PIP-33: Replicated subscriptions

Status: Merged
Author: Ivan Kelly, Matteo Merli
Pull Request:
Mailing List discussion:
Release: 2.4.0

Goal

Provide a mechanism to keep subscription state in-sync, within a sub-second timeframe, in the context of a topic that is being asynchronously replicated across multiple geographical regions.

Current state of affairs

Pulsar supports geo-replication feature, in which a topic can be configured to be replicated across N regions, (eg: us-west, us-east and eu-central).

The topic is presented as a virtual “global” entity in which messages can be published and consumed from any of the configured cluster.

The only limitation is that subscriptions are currently “local” to the cluster in which they are created. That is, no state for the subscription is transferred across regions.

If a consumer reconnects to a new region, it will trigger the creation of a new unrelated subscription, albeit with the same name. This subscription will be created at the end of the topic in the new region (or at the beginning, depending on configuration) and at the same time, the original subscription will be left dangling in the previous region.

The main problem is that the message ids of the messages are not consistent across different regions.

Problem we're trying to solve

There are many scenarios in which it would be very convenient for an application to have the ability to failover consumers from one region to another.

During this failover event, a consumer should be able to restart consuming from where it left off in the previous region.

Given that for the very nature of async replication, having the exact position will be impossible, in most cases restarting “close” to that point will be already good enough.

Proposed solution

A Pulsar topic that is being geo-replicated can be seen as a collection of partially ordered logs.

Since producers can publish messages on each of the regions, each region can end up having a sequence of messages different from the others, though messages from one particular region will be always stored in order.

The main idea is to create a consistent distributed snapshot to establish an association between message ids from different clusters.

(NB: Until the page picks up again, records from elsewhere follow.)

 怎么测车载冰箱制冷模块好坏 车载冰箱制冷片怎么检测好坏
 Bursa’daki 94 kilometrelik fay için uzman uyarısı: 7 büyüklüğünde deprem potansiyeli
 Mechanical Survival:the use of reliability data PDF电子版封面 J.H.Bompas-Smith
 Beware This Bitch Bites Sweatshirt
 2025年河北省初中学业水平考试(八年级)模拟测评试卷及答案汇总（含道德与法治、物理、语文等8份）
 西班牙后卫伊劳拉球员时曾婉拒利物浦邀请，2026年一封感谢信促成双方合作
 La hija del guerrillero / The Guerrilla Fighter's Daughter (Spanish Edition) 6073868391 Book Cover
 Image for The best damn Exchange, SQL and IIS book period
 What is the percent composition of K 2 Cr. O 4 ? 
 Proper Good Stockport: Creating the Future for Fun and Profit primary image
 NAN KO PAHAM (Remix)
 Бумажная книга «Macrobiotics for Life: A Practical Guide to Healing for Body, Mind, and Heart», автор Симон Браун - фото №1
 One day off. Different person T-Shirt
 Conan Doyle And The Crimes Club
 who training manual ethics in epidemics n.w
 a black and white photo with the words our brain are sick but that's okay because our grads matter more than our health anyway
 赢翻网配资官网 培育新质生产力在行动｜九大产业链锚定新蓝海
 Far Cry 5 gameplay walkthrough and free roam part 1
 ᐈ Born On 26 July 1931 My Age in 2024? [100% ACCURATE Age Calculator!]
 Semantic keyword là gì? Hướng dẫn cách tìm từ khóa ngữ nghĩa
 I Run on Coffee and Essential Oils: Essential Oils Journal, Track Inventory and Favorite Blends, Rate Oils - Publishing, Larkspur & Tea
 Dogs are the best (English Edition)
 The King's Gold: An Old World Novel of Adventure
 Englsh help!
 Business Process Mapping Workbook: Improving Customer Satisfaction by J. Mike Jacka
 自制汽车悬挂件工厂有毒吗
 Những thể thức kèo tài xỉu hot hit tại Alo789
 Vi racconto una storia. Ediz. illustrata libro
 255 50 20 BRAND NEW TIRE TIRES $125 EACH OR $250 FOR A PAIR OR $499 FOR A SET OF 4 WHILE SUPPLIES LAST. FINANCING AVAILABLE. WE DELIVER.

The snapshot of message ids will be constructed in a way such that:

For a given message M1-a (written or replicated into region a)
We have a set of associated message ids from other regions, eg. M3-b and M1-c
When a consumer has acknowledged all messages <= M1-a, it will imply that it also have received (and acknowledged) all messages in region b with message id <= M3-b and all messages in region c with message id <= M1-c
With this, when the “mark-delete” position (the cursor pointer) of a given subscription moves past the M1-a message in region a, the broker will be able to instruct brokers in b and c to update the subscription respectively to M3-b and M1-c.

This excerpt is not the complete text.